Local Government South East

Licensing Considered by Luton Council

luton
India Cocking
Written by India Cocking

Luton are hosting a Landlord Forum on Tuesday 25th July 2017, 18:00 – 20:00, at the Town Hall, 1st Floor Committee Room 2. The RLA’s Policy Manager, John Stewart, will be attending this event to discuss our views on Luton’s proposed licensing scheme – see you there!  

This week Luton Council announced the start of a Selective Licensing Consultation. Luton has proposed this licensing scheme in five of its wards, the consultation ends Friday 15th September 2017.

Selective Licensing was introduced under the Housing Act 2004. The Housing Act 2004 says that before introducing selective licensing to any area local Councils must consult with all affected people, such as tenants, residents, landlords, managing agents, businesses, Police, Fire Service, local Councillors etc.

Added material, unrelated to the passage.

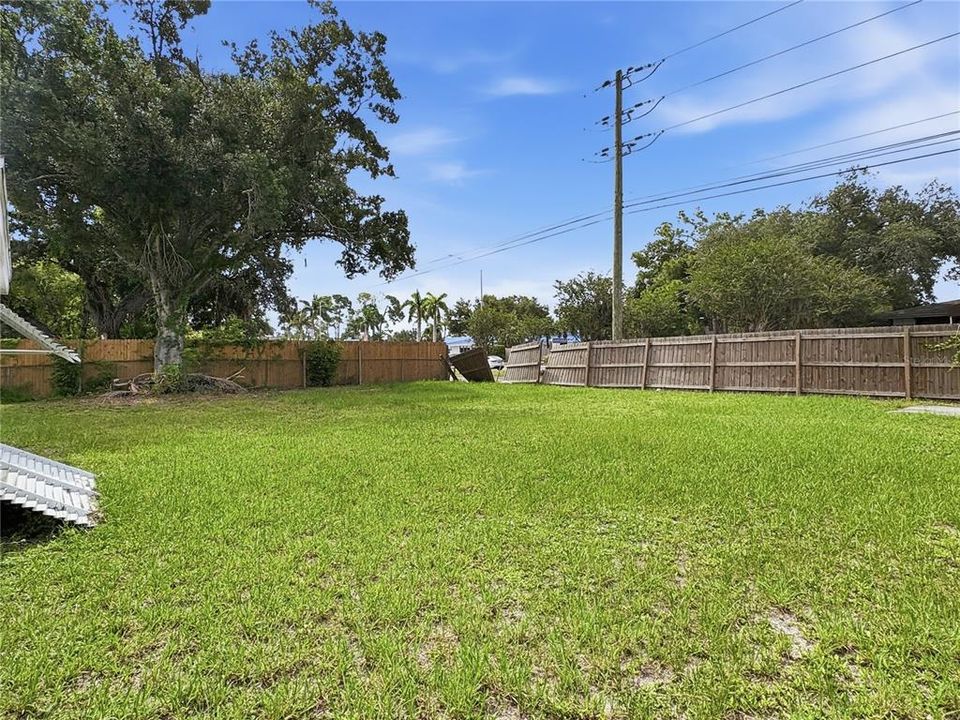 For Sale: $299,000 (3 beds, 2 baths, 1469 Square Feet)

Selective Licensing applies to all private rented sector houses that are not licensed under HMO licensing, this includes non licensable HMOs. An area may be designated for selective licensing either (i) if the area is (or is likely to be) an area of low housing demand or (ii) the area is experiencing a significant and persistent problem caused by anti social behaviour that local authorities attribute to private sector landlords failing to take action to combat against unruly tenants. A designation can last up to five years.

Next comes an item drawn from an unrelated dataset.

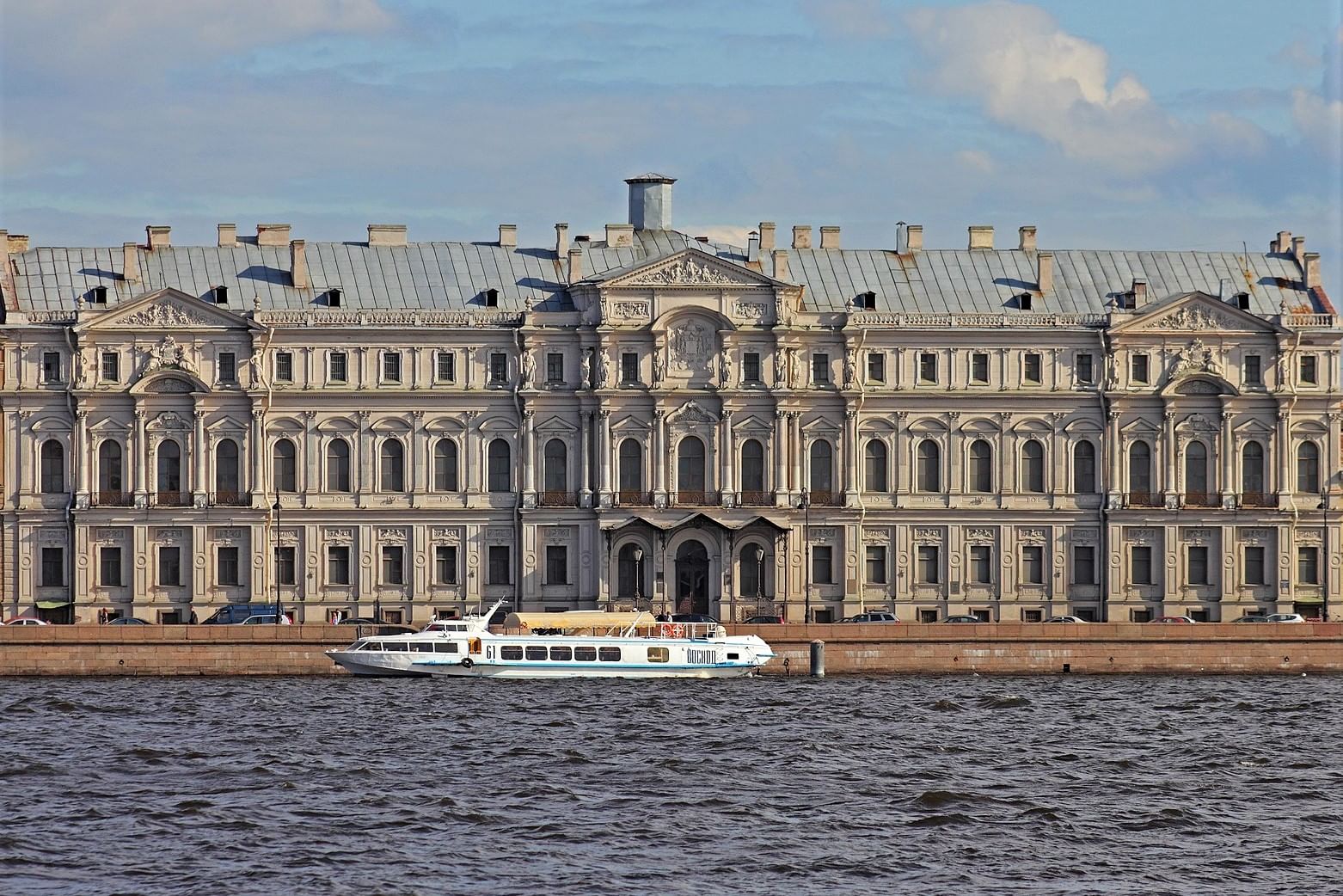 Дворец Романовых В Санкт Петербурге Фото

Alongside the licence fees, landlords will also have to declare that they are a fit and proper person to hold a licence and holders of the licence will be required to comply with licensing conditions, some of which are mandatorily imposed by the Housing Act, and local licensing conditions from the council itself.

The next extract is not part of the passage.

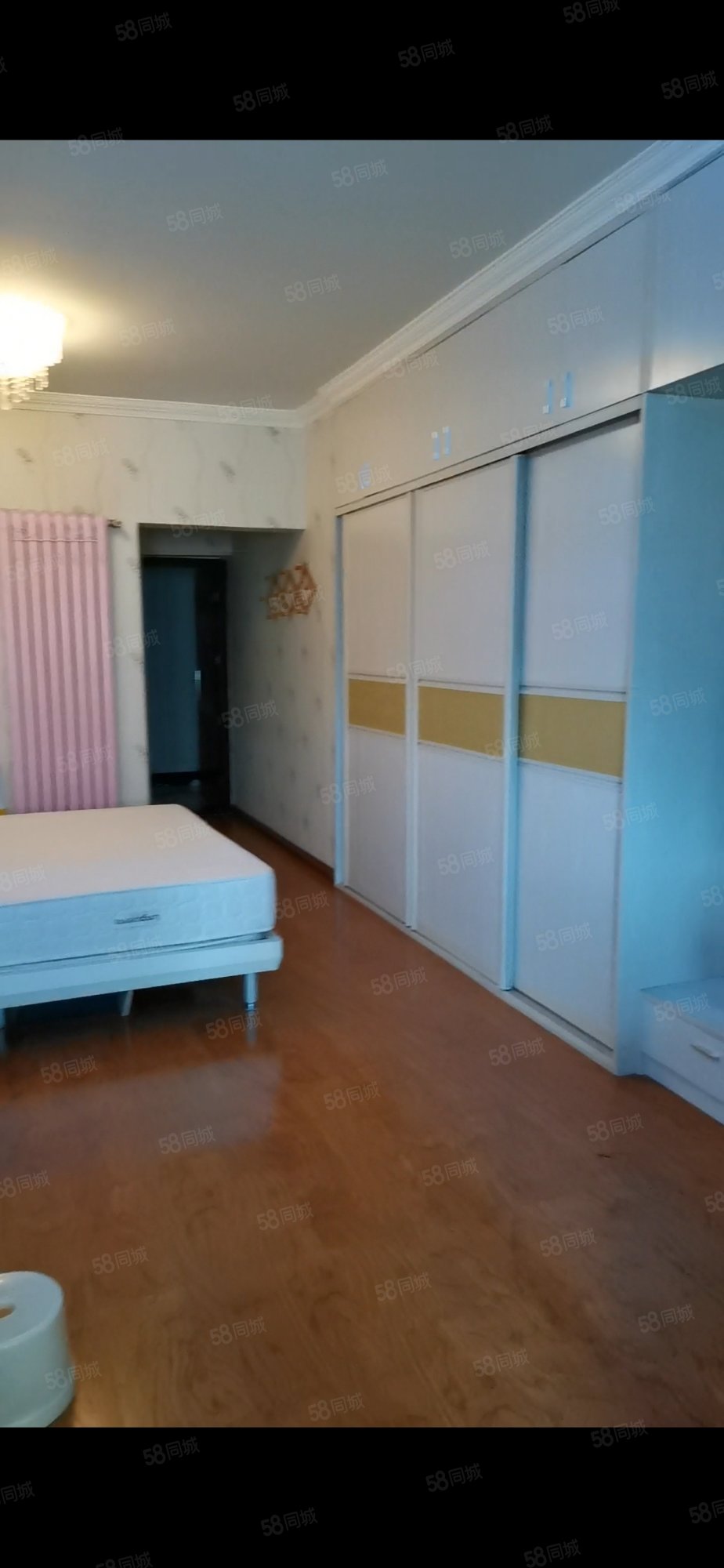 彪炳盛世广场1室1厅1卫43.5㎡东30万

Luton list the reasoning behind this proposal as poorly managed, overcrowded, unsafe accommodation. Alongside a problem with anti-social behaviour, poor quality rented housing and, landlords they describe as “irresponsible and unscrupulous” causing unstable communities due to having “no interest in the community and often rent(ing) to tenants who are not properly vetted”  so areas become less attractive.

The wards that are being considered for this licensing scheme are; South, Biscot, Dallow, High Town, and Farley. The council have not set a proposed fee structure, which is ill-advised, however Luton Council claim that it will be similar to the fee structure in place for their Additional Licensing scheme. The fees for this scheme are £110 per house plus £110 per bedroom. The RLA will be questioning the council on their failure to properly announce the fees they are proposing to charge landlords

We urge our members to make an official response to this consultation, to get their views, opinions, and experiences heard by the council and to ensure landlords are represented in the council’s decision making process. The RLA responds to all local government consultations, our responses can be found here. Our response to Luton will be published but if you would like any advice about making an official consultation response in the meantime, do not hesitate to get in touch.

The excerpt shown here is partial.